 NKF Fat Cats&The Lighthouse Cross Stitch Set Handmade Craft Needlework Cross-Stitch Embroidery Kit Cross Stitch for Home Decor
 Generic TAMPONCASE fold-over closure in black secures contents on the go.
-=-=-
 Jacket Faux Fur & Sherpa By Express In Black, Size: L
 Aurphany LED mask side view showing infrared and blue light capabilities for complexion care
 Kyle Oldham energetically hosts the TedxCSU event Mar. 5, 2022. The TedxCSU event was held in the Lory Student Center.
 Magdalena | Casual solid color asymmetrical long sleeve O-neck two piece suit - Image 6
-=-=-
## TASK REQUIREMENTS:
When you reach the line containing "Aurphany LED mask" in the data above, start copying exactly, and stop after the line containing "Magdalena | Casual".

## EXERCISE RESULT:
 Aurphany LED mask side view showing infrared and blue light capabilities for complexion care
 Kyle Oldham energetically hosts the TedxCSU event Mar. 5, 2022. The TedxCSU event was held in the Lory Student Center.
 Magdalena | Casual solid color asymmetrical long sleeve O-neck two piece suit - Image 6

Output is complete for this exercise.